There's no better time than now to evaluate sources of retirement income
For most people, retirement income will probably come from several sources such as 401K plans, IRA, personal savings, Social Security benefits, employer pension, various types of insurance, annuities, real estate, inheritance, etc. It's important to evaluate each in the context of your broader plan and the need for income long into the future.
Retirement annuities can provide lifetime income
For people concerned about ensuring their income lasts through retirement, annuities may be an option. You may have heard of retirement annuities but don't understand what they are or how they work. Here's a quick definition: An annuity is a contract entered into between you and an insurance company. You can buy an annuity by making a lump sum payment or a series of payments over a period of time. In turn, the insurance company agrees to make payments to you either immediately or at some future date for a set amount of money, a set amount of time - or both. Consider this illustrative example: you are planning to retire in 15 years and decide to purchase a $30,000 retirement annuity today that will begin to pay out when you retire.
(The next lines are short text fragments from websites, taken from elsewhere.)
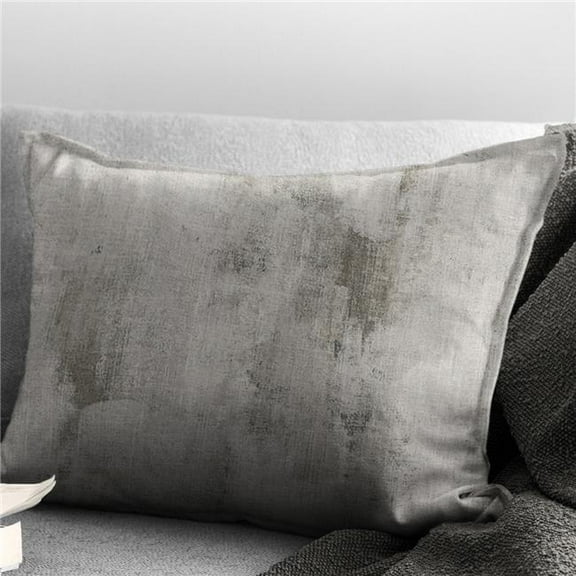6ix Tailors  Thiago Linen Marble Oblong Decor Pillow with Feather Insert, Taupe - 14 x 20 in.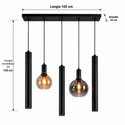 Hanglamp Eettafel – Smoke & Amber Glas – 5-Lichts – Dimbaar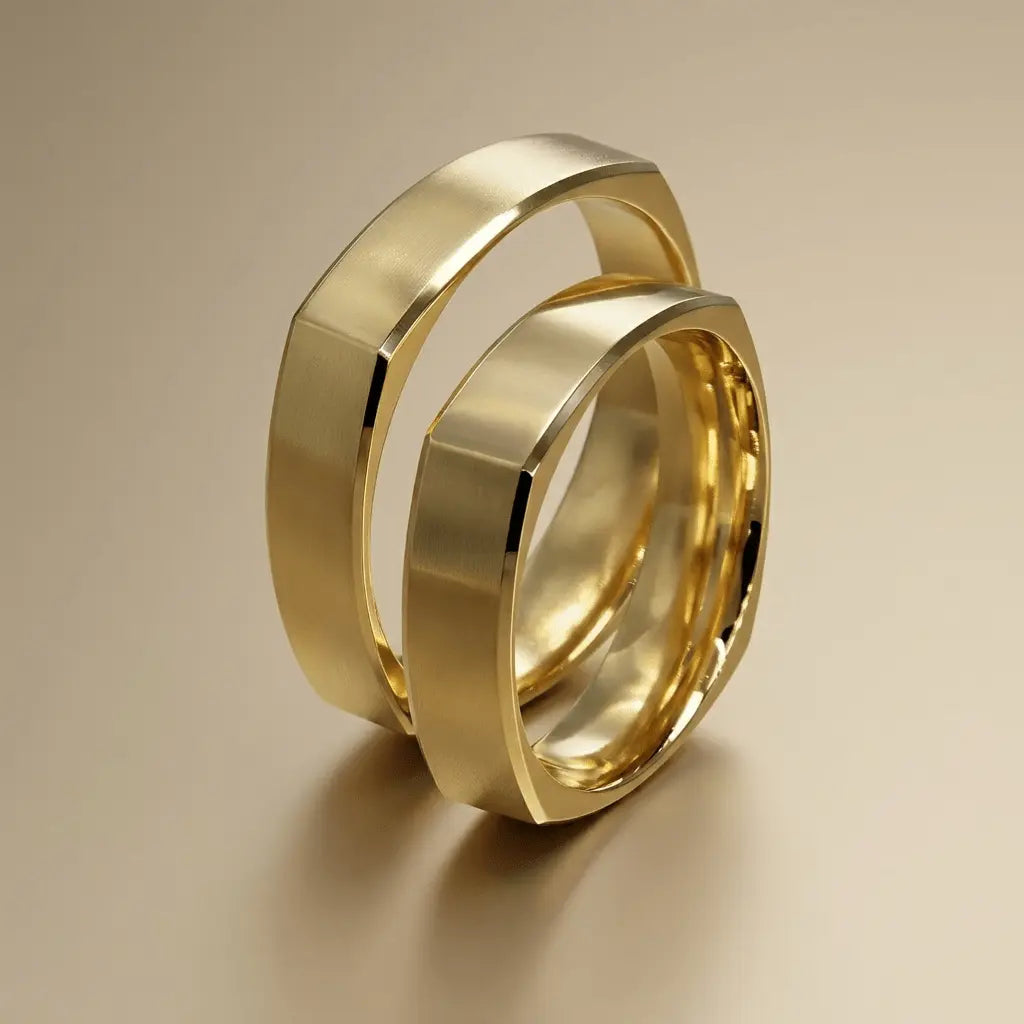 5mm Gold Wedding Band – Modern Lines Axiom – 9ct/14ct/18ct Gold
This is also called a deferred annuity. The annuity accumulates value (or grows in value) for the next 15 years, at which time, the Insurance Company will pay you a lump sum or series of payments based on the terms of your contract. This payment phase is called annuitization and is the point at which the contract value is applied to a chosen payout option. Annuities come in a variety of flavors, with some earning a fixed interest rate and others participating directly or indirectly in the stock markets. Annuity contracts can offer income for a specific amount of time or for a lifetime if you're concerned about outliving your retirement. In other words, when you retire you could be able to enjoy a predictable income stream. In addition, annuities can offer tax deferred growth, guaranteed income and guaranteed death benefits.
Smart financial planning
If an annuity is something you're considering whether or not to purchase truly depends on your personal financial situation. Furthermore, it's important to note that annuities are generally long term investments and as such, withdrawals made prior to age 59½ may be subject to a 10% penalty tax. Many annuities include significant surrender charges for certain withdrawals made within the first few years of the contract, depending on the carrier.
What is clear is that annuities may be able to provide financial peace of mind through predictable retirement income, if that is your concern. As always, a financial professional can help you evaluate your retirement readiness and investment options to meet your specific needs.